What is being asked → Aside from the pictures, copy the listing exactly.

Task material →
---+---

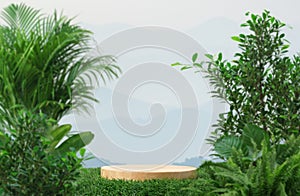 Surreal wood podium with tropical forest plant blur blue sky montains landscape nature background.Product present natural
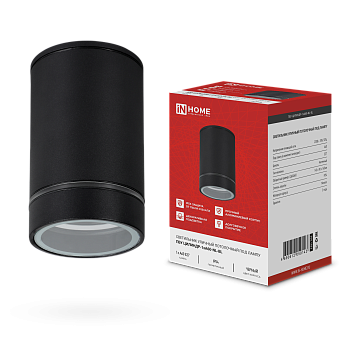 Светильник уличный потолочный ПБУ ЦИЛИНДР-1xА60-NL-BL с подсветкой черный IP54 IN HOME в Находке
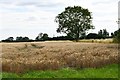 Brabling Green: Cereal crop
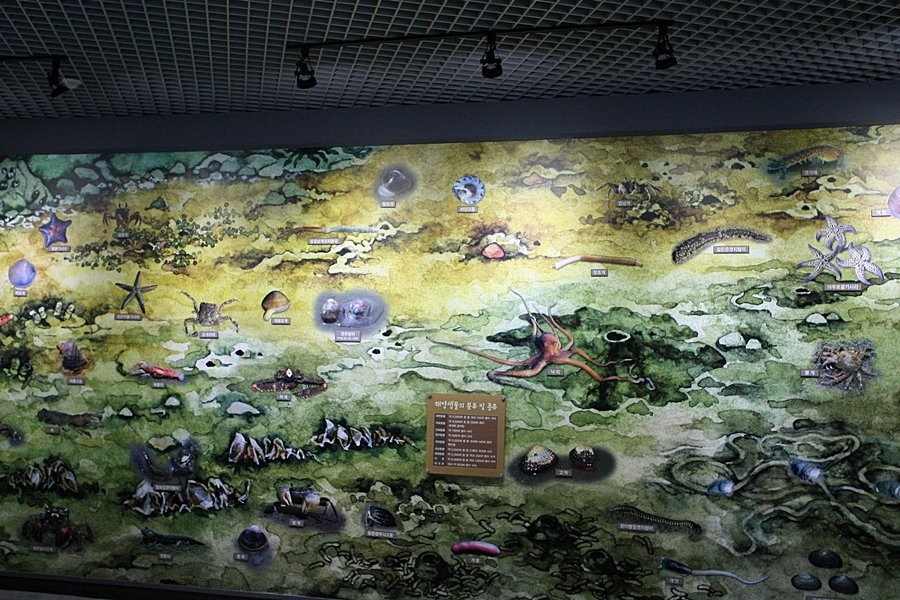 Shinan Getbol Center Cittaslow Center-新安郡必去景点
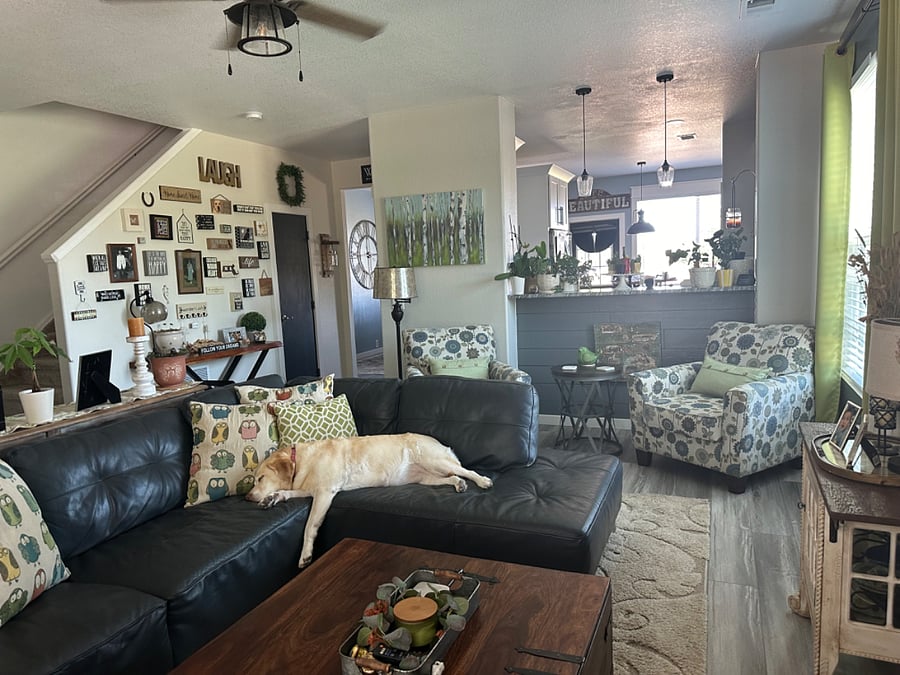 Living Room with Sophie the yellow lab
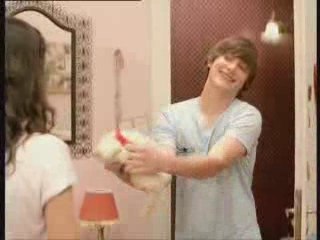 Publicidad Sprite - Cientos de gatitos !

---+---

Your solution →
 Surreal wood podium with tropical forest plant blur blue sky montains landscape nature background.Product present natural
 Светильник уличный потолочный ПБУ ЦИЛИНДР-1xА60-NL-BL с подсветкой черный IP54 IN HOME в Находке
 Brabling Green: Cereal crop
 Shinan Getbol Center Cittaslow Center-新安郡必去景点
 Living Room with Sophie the yellow lab
 Publicidad Sprite - Cientos de gatitos !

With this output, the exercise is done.